Covid-19 vaccines helped prevent 8,000 deaths in Singapore during Delta wave: MOF report

Vaccinated people aged 50 to 59 had a 4 per cent chance of hospitalisation, and a 1 per cent chance of falling severely ill. ST PHOTO: LIM YAOHUI

SINGAPORE - The nationwide vaccine roll-out prevented around 8,000 Covid-19 deaths during the peak of the Delta wave last year.

Vaccines also helped the country avoid 33,000 severe cases and 112,000 hospitalisations, according to a report on the impact of various measures in the past two Budgets, in 2020 and 2021, to mitigate the impact of the pandemic.

These figures, based on new estimates from the Ministry of Health (MOH), were published on Thursday (Feb 17) in the 58-page report issued by the Ministry of Finance. It comes ahead of this year's Budget statement on Friday (Feb 18).

To arrive at its conclusions, MOH first looked at estimates of vaccine effectiveness in Singapore.

One local study found that unvaccinated people were more likely to get the virus from their infected household contacts, compared with vaccinated people.
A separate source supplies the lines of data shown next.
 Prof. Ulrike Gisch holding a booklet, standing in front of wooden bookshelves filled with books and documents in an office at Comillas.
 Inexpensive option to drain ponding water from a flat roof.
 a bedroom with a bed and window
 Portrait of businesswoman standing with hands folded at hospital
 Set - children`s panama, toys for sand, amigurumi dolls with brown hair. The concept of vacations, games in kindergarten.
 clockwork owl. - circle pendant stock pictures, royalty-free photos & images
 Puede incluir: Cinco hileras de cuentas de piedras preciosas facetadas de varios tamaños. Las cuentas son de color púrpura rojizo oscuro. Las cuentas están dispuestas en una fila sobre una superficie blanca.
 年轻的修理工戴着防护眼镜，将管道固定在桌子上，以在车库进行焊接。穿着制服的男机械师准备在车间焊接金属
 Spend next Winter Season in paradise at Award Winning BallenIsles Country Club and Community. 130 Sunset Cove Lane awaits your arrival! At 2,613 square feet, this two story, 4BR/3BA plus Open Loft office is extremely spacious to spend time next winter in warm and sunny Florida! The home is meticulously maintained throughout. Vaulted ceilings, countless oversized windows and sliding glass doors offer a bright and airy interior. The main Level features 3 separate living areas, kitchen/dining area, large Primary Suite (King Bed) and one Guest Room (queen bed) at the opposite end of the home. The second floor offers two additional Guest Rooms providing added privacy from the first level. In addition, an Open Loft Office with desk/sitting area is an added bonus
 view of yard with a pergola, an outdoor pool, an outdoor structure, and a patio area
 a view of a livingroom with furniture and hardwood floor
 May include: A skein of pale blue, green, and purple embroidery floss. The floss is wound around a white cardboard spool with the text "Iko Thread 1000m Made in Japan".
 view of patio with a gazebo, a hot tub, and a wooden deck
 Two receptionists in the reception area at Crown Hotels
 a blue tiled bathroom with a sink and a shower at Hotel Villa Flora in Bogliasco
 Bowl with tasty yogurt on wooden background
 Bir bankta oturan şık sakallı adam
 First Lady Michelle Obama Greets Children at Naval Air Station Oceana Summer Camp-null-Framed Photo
In such circumstances, vaccines were 56.4 per cent effective against infection.

The ministry also looked at age-specific differences in outcomes among Covid-19 cases reported between Aug 1 and Dec 31 last year, when the Delta variant of the coronavirus was dominant.

As a general rule, unvaccinated people were much more likely to be hospitalised, develop severe illness, or die - especially if they were also older.

For instance, vaccinated people aged 50 to 59 had a 4 per cent chance of hospitalisation, and a 1 per cent chance of falling severely ill.

But unvaccinated people in the same age group had a 34 per cent chance of being hospitalised and a 10 per cent chance of falling severely ill.

For older people aged 80 and above, the chance of hospitalisation for unvaccinated people was 88 per cent, compared with 51 per cent for the vaccinated.

Their chances of becoming severely ill were 41 per cent for the unvaccinated and 10 per cent for the vaccinated.

Using these figures, MOH simulated the number of hospitalisations, severe cases and deaths that would likely have taken place if vaccines were not available.

It estimated that the country would have seen more than double the 198,361 Covid-19 cases actually reported during the five-month period from August to December 2021.

The country would also have seen eight times the hospitalisation rate, nearly 12 times the number of severe cases and 11 times the number of total deaths.

"These estimates likely underestimate the benefits of vaccination, as they do not factor in the effect of vaccinations in reducing the chain of transmission and the likelihood of worse mortality outcomes if healthcare facilities had to manage a significantly higher caseload," the report noted.

It added that Singapore's vaccination programme helped the country keep death rates low throughout the pandemic.

As at Feb 15, the country had seen 16.7 Covid-19 deaths per 100,000 population.

This is on a par with similarly highly vaccinated countries such as South Korea and Japan, which saw 14 and 16.5 deaths per 100,000 population respectively.

In contrast, countries such as the United States have a relatively high death rate of around 277 deaths per 100,000 population, and lower vaccination rates.